Early on, Zochert says he hopes to write this biography like Laura wrote about her life. As a result, the book reads like a rushed and substandard amalgam of Laura's actual Little House series. Most readers of this book will already know Laura's story; they want to know what she left unwritten. Although Zochert provides information about Laura's various neighbors, I felt his emphasis on these characters removed the focus from Laura herself. I finished the book without learning much new about Laura (but maybe this is less of a fault on Zochert's part and more so a testament to Laura's storytelling ability--I felt that I knew her well enough after completing the series).

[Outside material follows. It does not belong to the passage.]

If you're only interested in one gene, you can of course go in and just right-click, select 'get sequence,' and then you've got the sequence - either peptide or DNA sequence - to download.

While I would have appreciated Zochert to adopt a "just the facts ma'am" strategy, I feel that he provided small but sharp insights into Laura's character and captured the ideals Laura found most important. In particular, his exploration of Laura and Almanzo's courtship was well-done. I discovered many new facts here; for example, did you know Laura called Almanzo 'Manly' after mishearing 'Mannie,' his brother Royal's nickname for him? Or the story about how the couple turned off the clock before 11pm to sneak an extra hour together and then restarted it when Almanzo left at midnight? Most interestingly, did you know that Laura made Reverend Brown promise not to make Laura vow to obey her husband? A year ago it made a huge stir when Kate Middleton was the first British princess not to say that vow, so this detail demonstrates how much of a feminist Laura was and simply deepens my love for her and her stories. Zochert also has a knack for pulling the most Laura-y quotes from her unpublished memoir. About Almanzo's proposal Laura wrote: "he kissed me goodnight and I went into the house not quite sure if I were engaged to Manly or to the starlight and the prairie."

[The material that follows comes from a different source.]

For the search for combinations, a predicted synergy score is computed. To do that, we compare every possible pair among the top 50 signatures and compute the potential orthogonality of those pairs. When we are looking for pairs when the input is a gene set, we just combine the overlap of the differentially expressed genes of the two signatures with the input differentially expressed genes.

The true strength of [b:Laura: The Life of Laura Ingalls Wilder|8221|Laura The Life of Laura Ingalls Wilder|Donald Zochert|http://photo.goodreads.com/books/1308953256s/8221.jpg|11174] is Zochert's keen understanding of what the stories reported in the Little House books meant to Laura. Appreciating the small joys of everyday, realizing how times are always changing, understanding the beauty of memory and childhood--these are the everlasting messages of Laura's Little House series which she applied to every single day of her life. In this biography, Zochert does not take a factual approach to discovering who Laura, our pioneer girl, truly was; instead, he presents the essence of Laura.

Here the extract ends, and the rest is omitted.